XML 21 R12.htm IDEA: XBRL DOCUMENT v3.23.2
Accounting Changes
9 Months Ended
Jun. 30, 2023
Accounting Changes and Error Corrections [Abstract]  
Accounting Changes
Note 3 — Accounting Changes

New Accounting Standard Adopted in Fiscal 2023

Debt and Derivatives and Hedging. Effective October 1, 2022, the Company adopted ASU 2020-06, “Debt - Debt with Conversion and Other Options (Subtopic 470-20) and Derivatives and Hedging – Contracts in Entity’s Own Equity (Subtopic 815-40).” The amendments in this ASU affect entities that issue convertible instruments and/or contracts indexed to and potentially settled in an entity’s own equity. This ASU reduces the number of accounting models for convertible debt instruments and convertible preferred stock, expands disclosure requirements for convertible instruments, and simplifies the related earnings per share guidance.
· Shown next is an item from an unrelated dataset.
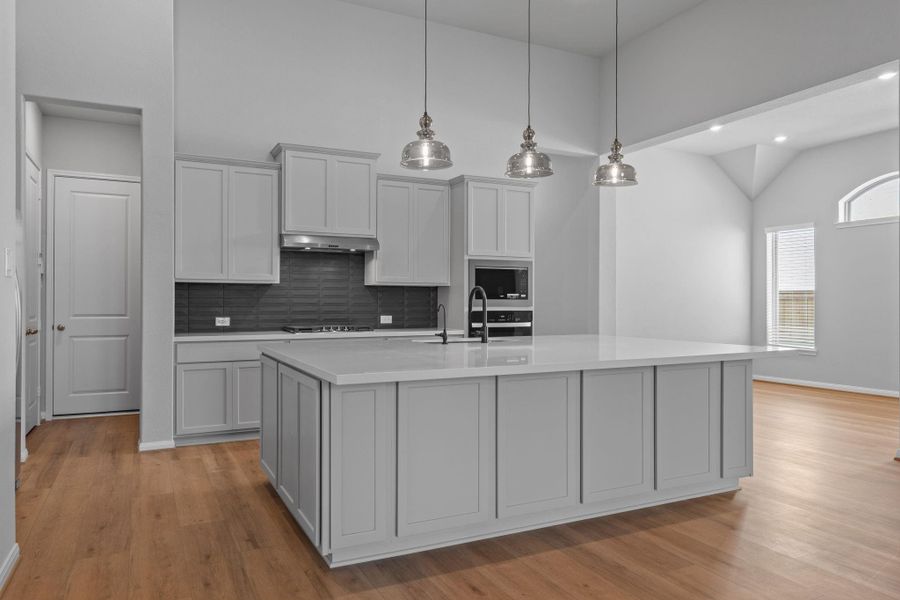 Furnished interior view inside a new home in Bridgeland 55', Cypress (Image 12).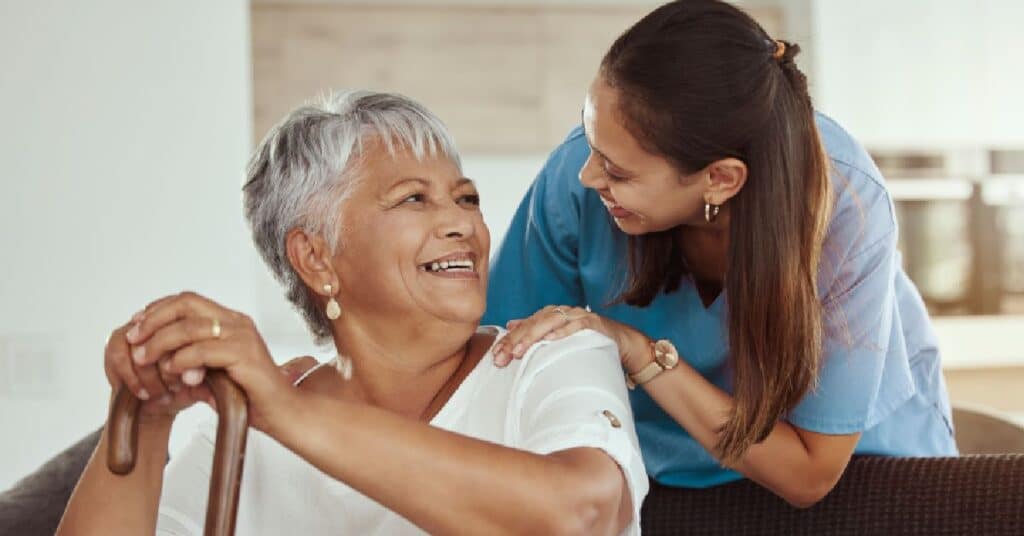 The image captures a warm and supportive interaction between an elderly woman and a caregiver in a home or care facility setting. The elderly woman, seated and holding a wooden cane, is smiling brightly, exuding a sense of joy and comfort. Beside her, the caregiver, dressed in professional scrubs, leans in with a gentle smile, placing her hands reassuringly on the woman's shoulders. The natural lighting and casual yet intimate environment suggest trust and companionship, reflecting the importance of emotional connection and personalized care in caregiving relationships.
We adopted this ASU using the modified retrospective transition method and applied the new guidance to applicable features of our Equity Units. Periods prior to October 1, 2022 have not been restated.

Upon adoption, we reclassified $6 from Common Stock to Preferred Stock associated with the previously separated equity-classified beneficial conversion feature, which was accounted for as a deemed dividend. The increase to Preferred Stock was partially offset by an increase of $1 to opening retained earnings for the previously recognized non-cash amortization of the beneficial conversion feature. The ASU 2020-06 also removes the presumption of cash settlement for contracts that may be settled in cash or shares. In accordance with the new guidance, we included the dilutive impact of the quarterly contract adjustment payment liability associated with the 2024 Purchase Contracts, which may be settled in cash or shares, in our computation of weighted average diluted common shares outstanding. The adoption of the new guidance did not, and is not expected to, have a material impact on our consolidated financial statements.